# Required action:
Starting at the line below with "Q62a. Celebrity sunglasses" and stopping at the line with "LEREN STIMULEREN", please print each line exactly, those two included, and skip every picture.

# Given data:

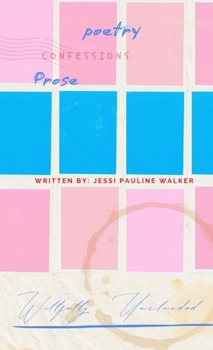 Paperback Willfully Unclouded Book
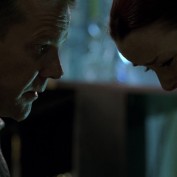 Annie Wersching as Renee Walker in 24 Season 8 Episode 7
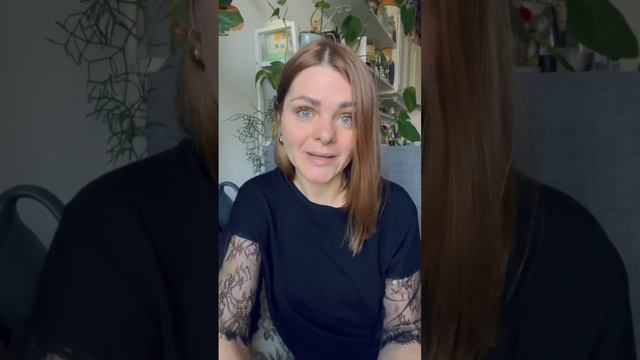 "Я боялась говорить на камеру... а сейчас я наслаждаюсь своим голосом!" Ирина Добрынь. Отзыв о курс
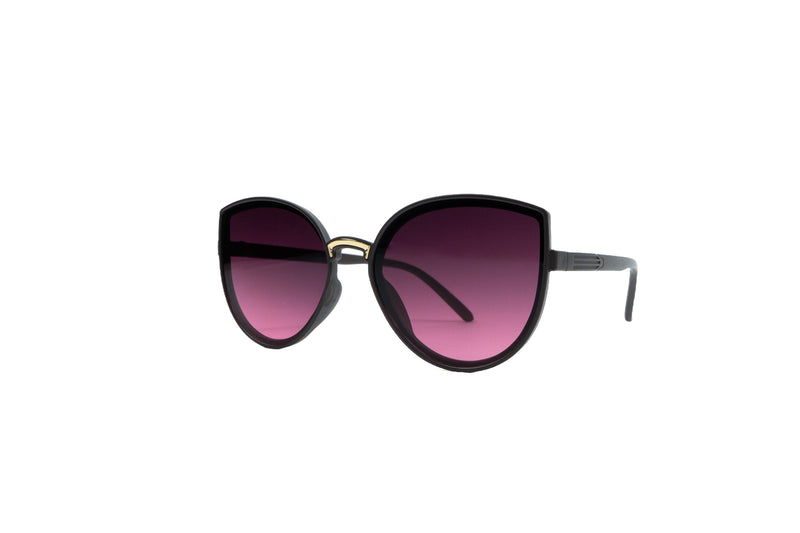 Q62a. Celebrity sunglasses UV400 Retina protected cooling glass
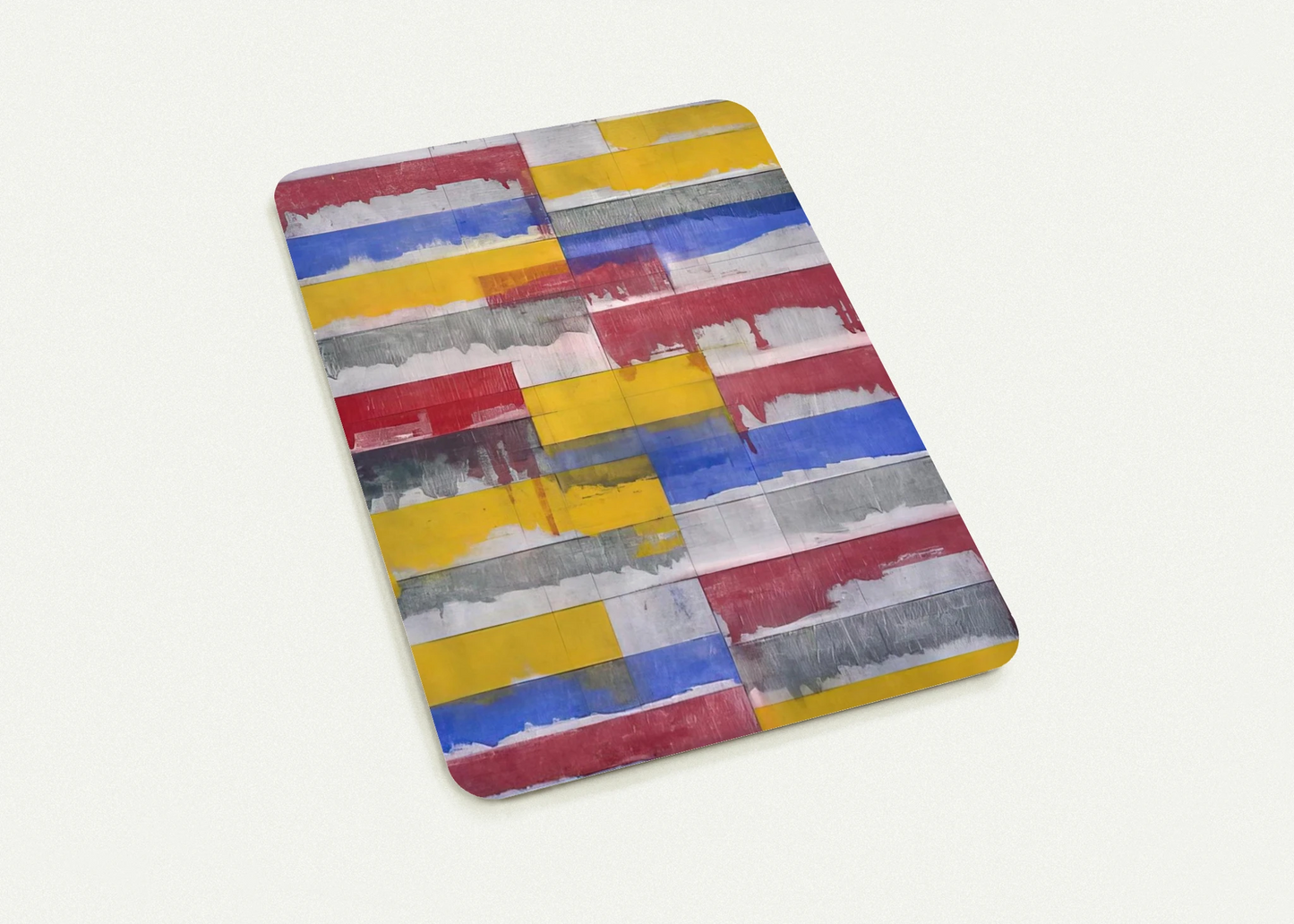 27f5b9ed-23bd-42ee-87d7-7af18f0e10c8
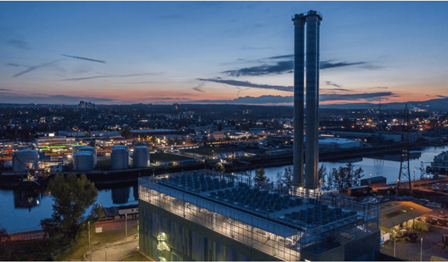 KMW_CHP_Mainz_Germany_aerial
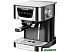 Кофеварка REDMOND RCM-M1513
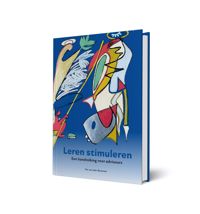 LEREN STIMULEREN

---

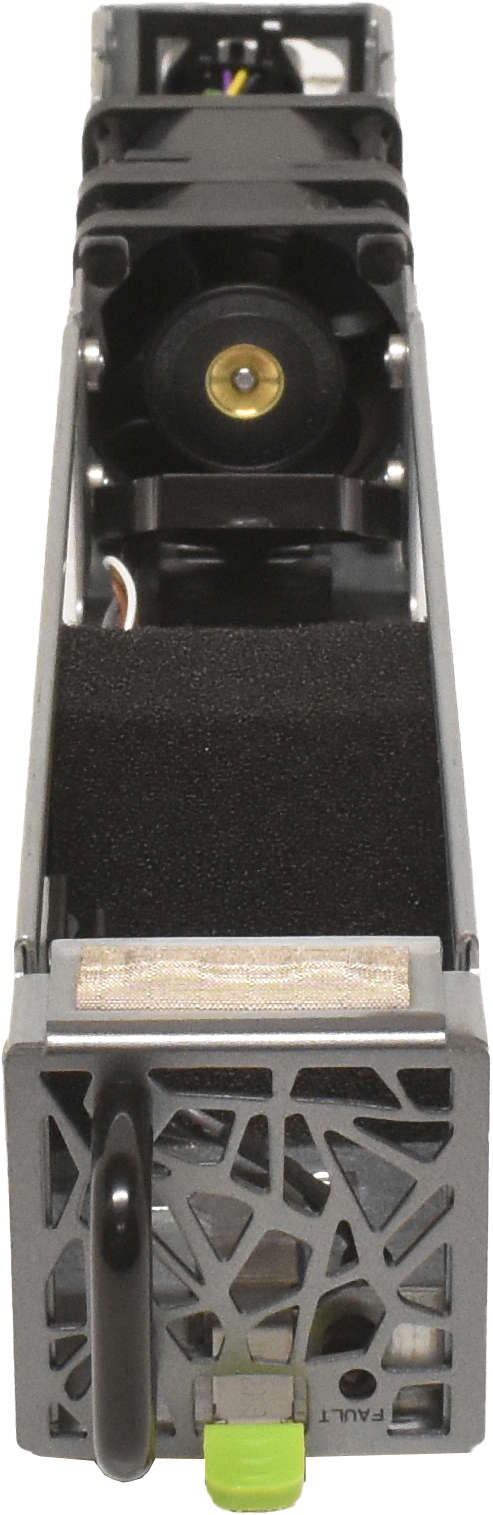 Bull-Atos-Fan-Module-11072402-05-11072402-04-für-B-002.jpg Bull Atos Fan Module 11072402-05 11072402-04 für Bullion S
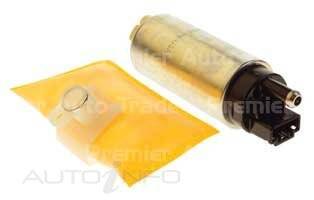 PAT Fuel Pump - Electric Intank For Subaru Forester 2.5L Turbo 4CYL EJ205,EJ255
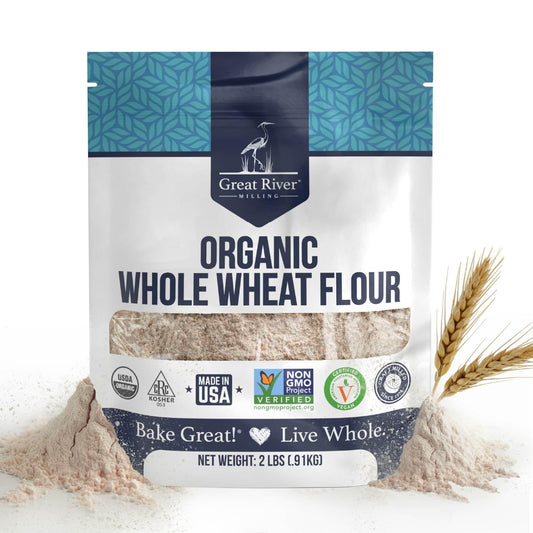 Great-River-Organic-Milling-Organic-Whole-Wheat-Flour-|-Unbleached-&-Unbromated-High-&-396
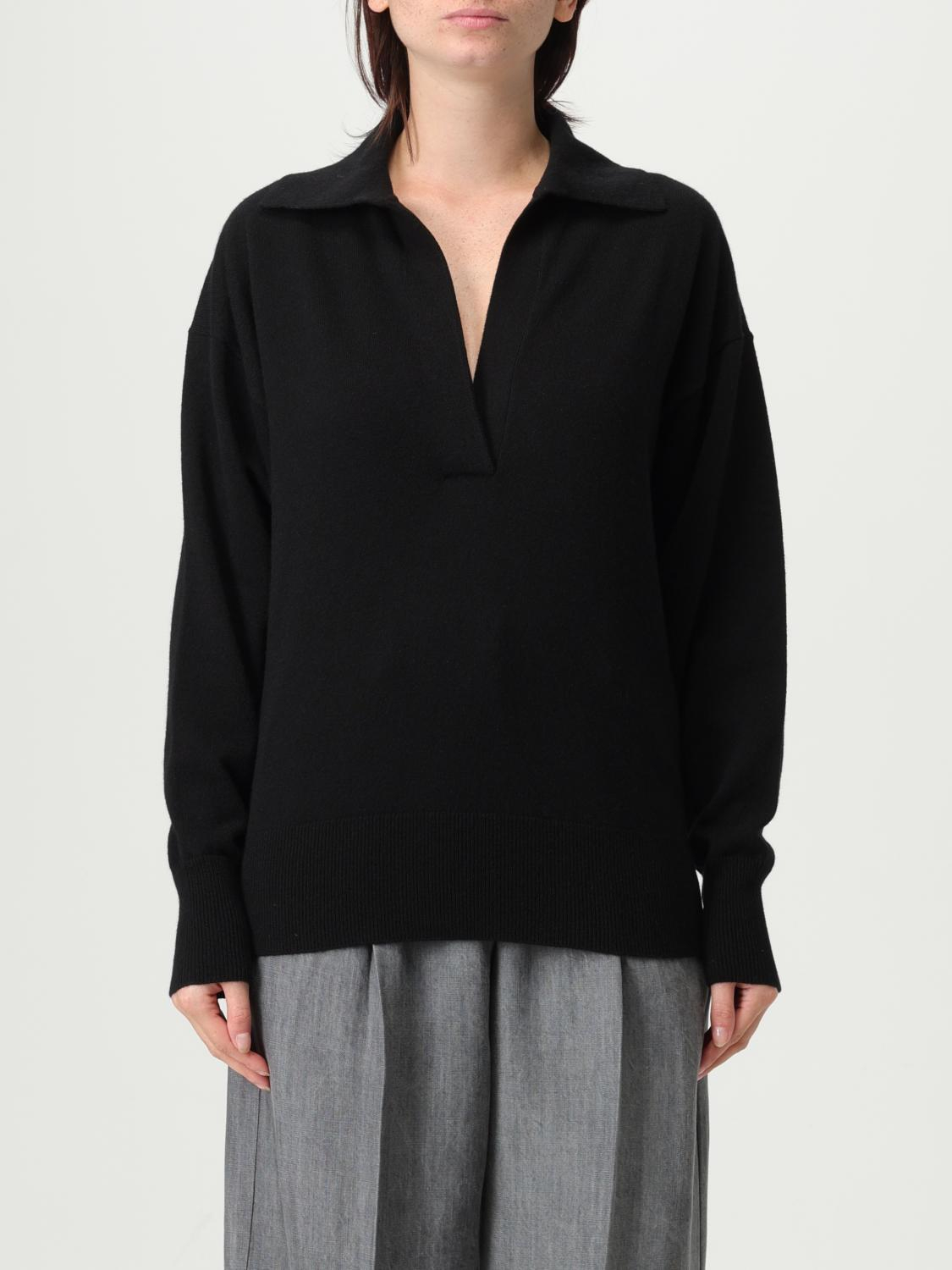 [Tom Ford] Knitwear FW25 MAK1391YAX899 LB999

# Answer section:
 Q62a. Celebrity sunglasses UV400 Retina protected cooling glass
 27f5b9ed-23bd-42ee-87d7-7af18f0e10c8
 KMW_CHP_Mainz_Germany_aerial
 Кофеварка REDMOND RCM-M1513
 LEREN STIMULEREN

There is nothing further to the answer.